──────── INFORMATION SUPPLIED ────────
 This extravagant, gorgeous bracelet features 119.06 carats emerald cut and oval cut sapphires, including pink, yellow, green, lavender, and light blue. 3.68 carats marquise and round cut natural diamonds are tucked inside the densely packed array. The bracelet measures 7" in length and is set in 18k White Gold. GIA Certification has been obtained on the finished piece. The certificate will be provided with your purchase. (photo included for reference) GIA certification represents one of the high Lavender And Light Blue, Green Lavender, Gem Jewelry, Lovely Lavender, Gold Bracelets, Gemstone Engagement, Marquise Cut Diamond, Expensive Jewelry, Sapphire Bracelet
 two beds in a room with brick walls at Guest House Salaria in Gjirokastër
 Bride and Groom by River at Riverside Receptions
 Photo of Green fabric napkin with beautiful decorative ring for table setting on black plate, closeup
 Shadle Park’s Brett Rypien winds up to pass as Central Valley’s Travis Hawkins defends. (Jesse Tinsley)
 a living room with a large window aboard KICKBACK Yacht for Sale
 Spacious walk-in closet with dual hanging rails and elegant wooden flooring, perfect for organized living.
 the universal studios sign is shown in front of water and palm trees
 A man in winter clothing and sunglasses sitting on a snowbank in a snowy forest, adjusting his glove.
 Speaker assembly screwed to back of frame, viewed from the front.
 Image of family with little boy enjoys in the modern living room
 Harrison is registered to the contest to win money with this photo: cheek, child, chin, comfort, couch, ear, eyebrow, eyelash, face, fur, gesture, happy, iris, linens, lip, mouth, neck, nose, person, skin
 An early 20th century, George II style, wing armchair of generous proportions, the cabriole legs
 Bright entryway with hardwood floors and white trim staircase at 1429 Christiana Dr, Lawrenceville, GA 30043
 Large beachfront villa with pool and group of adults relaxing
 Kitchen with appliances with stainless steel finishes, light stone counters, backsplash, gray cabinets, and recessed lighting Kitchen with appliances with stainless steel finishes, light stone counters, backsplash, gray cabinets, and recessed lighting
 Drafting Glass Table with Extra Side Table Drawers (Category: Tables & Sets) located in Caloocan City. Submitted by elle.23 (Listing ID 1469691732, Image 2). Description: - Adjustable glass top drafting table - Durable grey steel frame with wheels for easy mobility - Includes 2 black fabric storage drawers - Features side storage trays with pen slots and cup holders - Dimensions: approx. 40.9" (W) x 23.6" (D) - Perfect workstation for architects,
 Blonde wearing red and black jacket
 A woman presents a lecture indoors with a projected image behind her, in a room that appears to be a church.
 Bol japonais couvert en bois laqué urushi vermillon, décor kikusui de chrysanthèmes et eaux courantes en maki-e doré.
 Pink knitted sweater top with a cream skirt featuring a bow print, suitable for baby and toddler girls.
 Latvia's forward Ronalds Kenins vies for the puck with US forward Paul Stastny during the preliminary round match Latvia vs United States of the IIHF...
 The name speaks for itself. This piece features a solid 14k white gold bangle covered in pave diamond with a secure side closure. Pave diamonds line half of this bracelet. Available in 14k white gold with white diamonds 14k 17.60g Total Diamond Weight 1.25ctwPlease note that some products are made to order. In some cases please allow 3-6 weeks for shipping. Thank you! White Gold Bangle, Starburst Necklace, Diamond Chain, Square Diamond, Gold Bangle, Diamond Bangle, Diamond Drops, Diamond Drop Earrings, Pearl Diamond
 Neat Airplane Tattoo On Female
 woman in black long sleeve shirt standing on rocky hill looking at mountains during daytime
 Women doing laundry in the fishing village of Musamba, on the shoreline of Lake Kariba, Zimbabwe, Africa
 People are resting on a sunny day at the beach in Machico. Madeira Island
────────
DESCRIPTION OF THE TASK: In the entries above, find the line holding "the universal studios" and the line holding "Image of family"; print both of them and every line between, exactly, and nothing else.

EXERCISE SOLUTION:
 the universal studios sign is shown in front of water and palm trees
 A man in winter clothing and sunglasses sitting on a snowbank in a snowy forest, adjusting his glove.
 Speaker assembly screwed to back of frame, viewed from the front.
 Image of family with little boy enjoys in the modern living room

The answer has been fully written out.